Mechanical performance of marine concrete filled CFRP-aluminum alloy tube columns under axial compression: Experiment and finite element analysis

Abstract

This study presents the mechanical performance of marine concrete filled carbon fiber reinforced polymer (CFRP)-Aluminum alloy tube columns (CFRP-CFAT) through axial compression experiment and finite element analysis. 18 specimens were tested including 3 marine concrete filled aluminum alloy tubes (CFAT) and 15 CFRP-CFATs. The effects of the CFRP pasting position (outer and inner CFRP) and the number of CFRP layers were investigated. The typical failure pattern of specimens without inner CFRP was waist drum failure of aluminum alloy tube and concrete crushed, aluminum tube and concrete of specimens with inner CFRP were shear failure, the CFRP of all specimens was fractured. CFRP and aluminum alloy tube have fine deformation coordination performance.
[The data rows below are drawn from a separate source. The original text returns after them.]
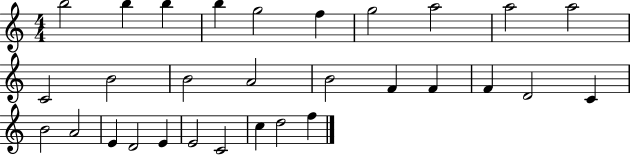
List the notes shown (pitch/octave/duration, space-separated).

B5/h B5/q B5/q B5/q G5/h F5/q G5/h A5/h A5/h A5/h C4/h B4/h B4/h A4/h B4/h F4/q F4/q F4/q D4/h C4/q B4/h A4/h E4/q D4/h E4/q E4/h C4/h C5/q D5/h F5/q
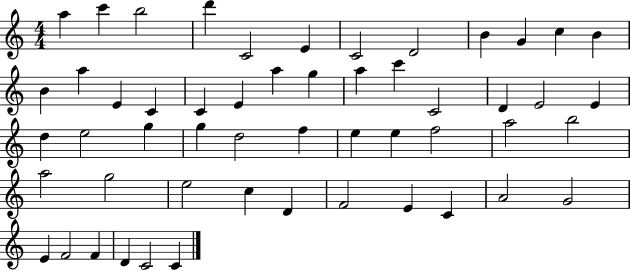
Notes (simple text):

A5/q C6/q B5/h D6/q C4/h E4/q C4/h D4/h B4/q G4/q C5/q B4/q B4/q A5/q E4/q C4/q C4/q E4/q A5/q G5/q A5/q C6/q C4/h D4/q E4/h E4/q D5/q E5/h G5/q G5/q D5/h F5/q E5/q E5/q F5/h A5/h B5/h A5/h G5/h E5/h C5/q D4/q F4/h E4/q C4/q A4/h G4/h E4/q F4/h F4/q D4/q C4/h C4/q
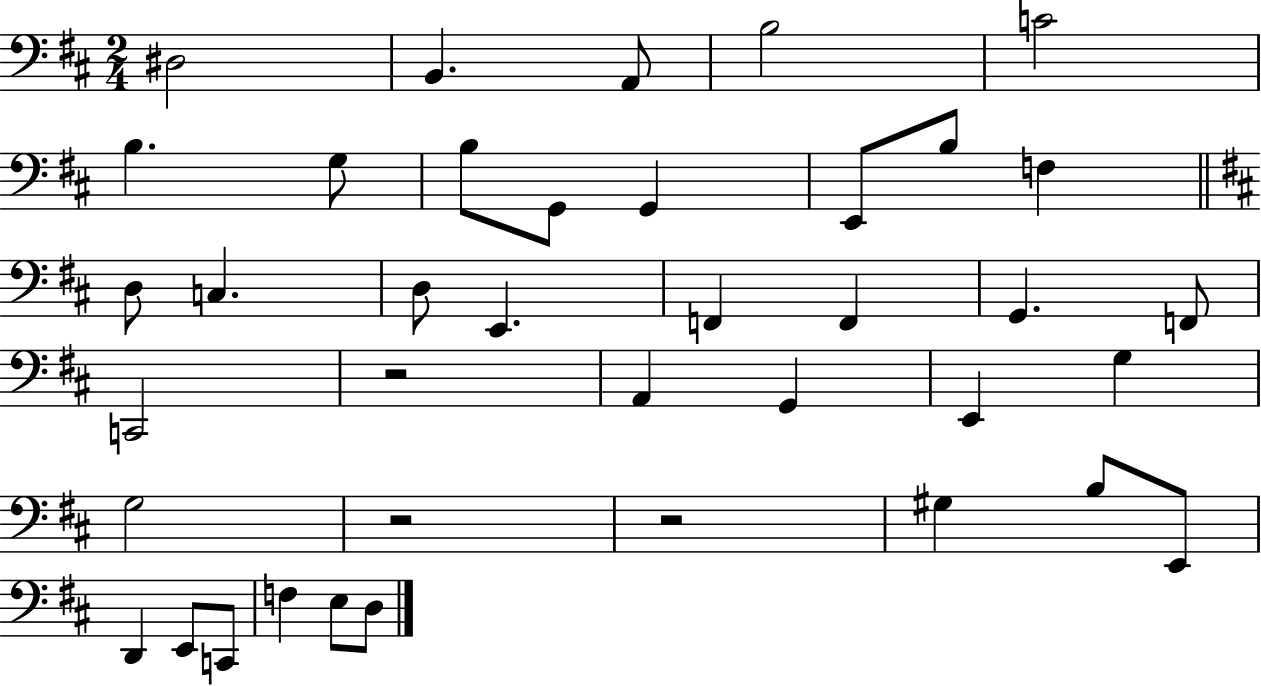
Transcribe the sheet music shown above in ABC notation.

X:1
T:Untitled
M:2/4
L:1/4
K:D
^D,2 B,, A,,/2 B,2 C2 B, G,/2 B,/2 G,,/2 G,, E,,/2 B,/2 F, D,/2 C, D,/2 E,, F,, F,, G,, F,,/2 C,,2 z2 A,, G,, E,, G, G,2 z2 z2 ^G, B,/2 E,,/2 D,, E,,/2 C,,/2 F, E,/2 D,/2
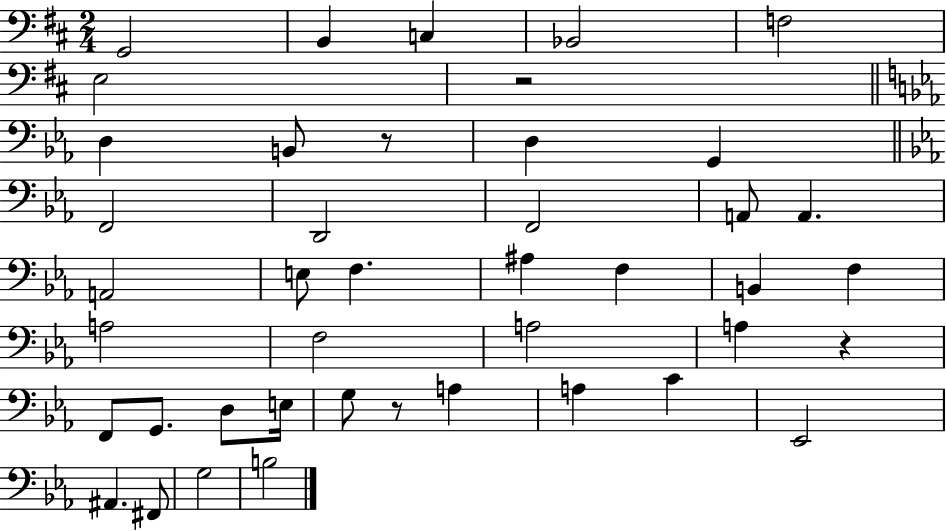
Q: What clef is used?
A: bass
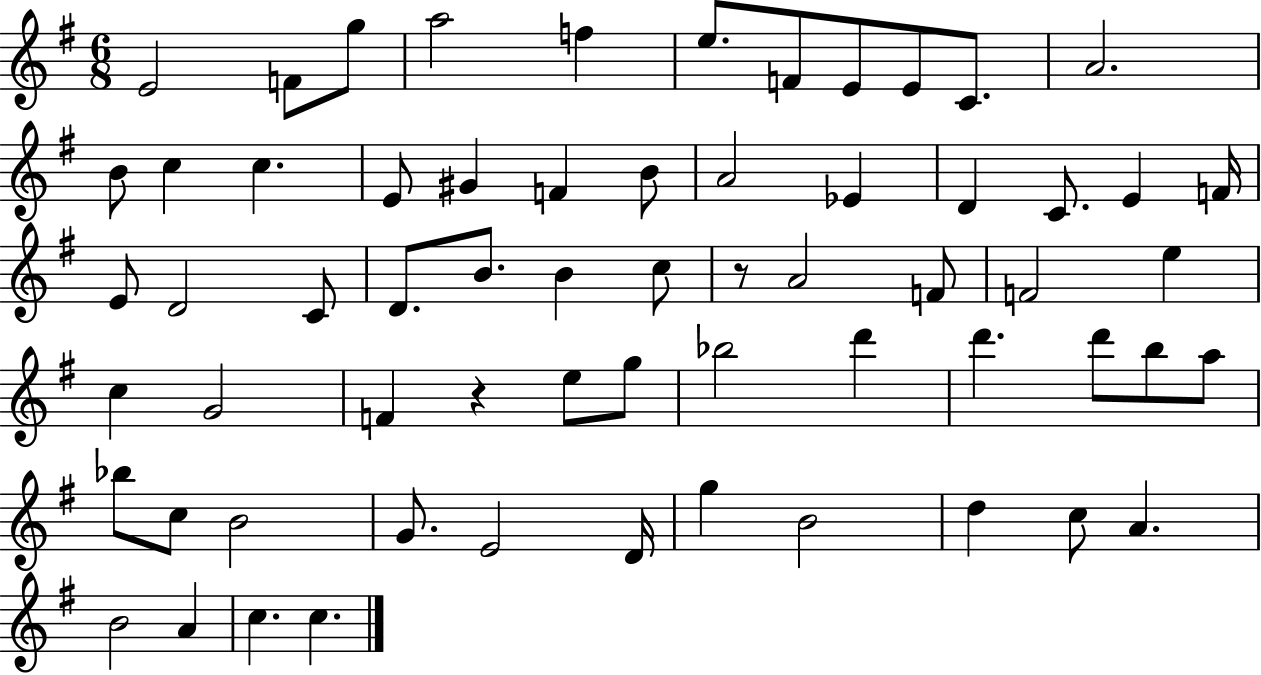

With the confinement of CFRP, the ultimate bearing capacity and energy absorption capacity of CFRP-CFATs were increased by up to 60.0% and 37.3%, respectively, also effectively inhibited the damage development of specimens. Moreover, a finite element model was developed, a parametric study was carried and a model for calculating the ultimate bearing capacity of CFRP-CFAT was proposed. The simulated results and calculated results were consistent with experimental results.